This study assesses Japan’s mid-century low-emission pathways using both national and global integrated assessment models in the common mitigation scenario framework, based on the carbon budgets corresponding to the global 2 °C goal. We examine high and low budgets, equal to global cumulative 1600 and 1000 Gt-CO2 (2011–2100) for global models, and 36 and 31 Gt-CO2 (2011–2050) in Japan for national models, based on the cost-effectiveness allocation performed by the global models. The impacts of near-term policy assumption, including the implementation and enhancement of the 2030 target of the nationally determined contribution (NDC), are also considered. Our estimates show that the low budget scenarios require a 75% reduction of CO2 emissions by 2050 below the 2010 level, which is nearly the same as Japan’s governmental 2050 goal of reducing greenhouse gas emissions by 80%.

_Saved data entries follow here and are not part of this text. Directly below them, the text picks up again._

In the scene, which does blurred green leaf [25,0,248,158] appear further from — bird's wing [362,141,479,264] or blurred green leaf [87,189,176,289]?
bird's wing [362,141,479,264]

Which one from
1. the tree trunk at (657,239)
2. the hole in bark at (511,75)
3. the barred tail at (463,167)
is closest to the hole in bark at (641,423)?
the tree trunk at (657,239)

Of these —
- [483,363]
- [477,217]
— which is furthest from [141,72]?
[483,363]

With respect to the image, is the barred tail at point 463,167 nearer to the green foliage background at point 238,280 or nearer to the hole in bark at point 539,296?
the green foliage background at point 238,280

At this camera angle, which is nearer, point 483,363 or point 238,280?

With regard to near-term actions, Japan’s 2030 target included in the NDC is on track to meet the high budget scenario, whereas it is falling short for the low budget scenario, which would require emission reductions immediately after 2020.
Whereas models differ in the type of energy source on which they foresee Japan basing its decarbonization process (e.g., nuclear- or variable renewable energy-dependent), the large-scale deployment of low-carbon energy (nuclear, renewable, and carbon capture and storage) is shared across most models in both the high and low budget scenarios.
By 2050, low-carbon energy represents 44–54% of primary energy and 86–97% of electricity supply in the high and low budget scenarios, respectively.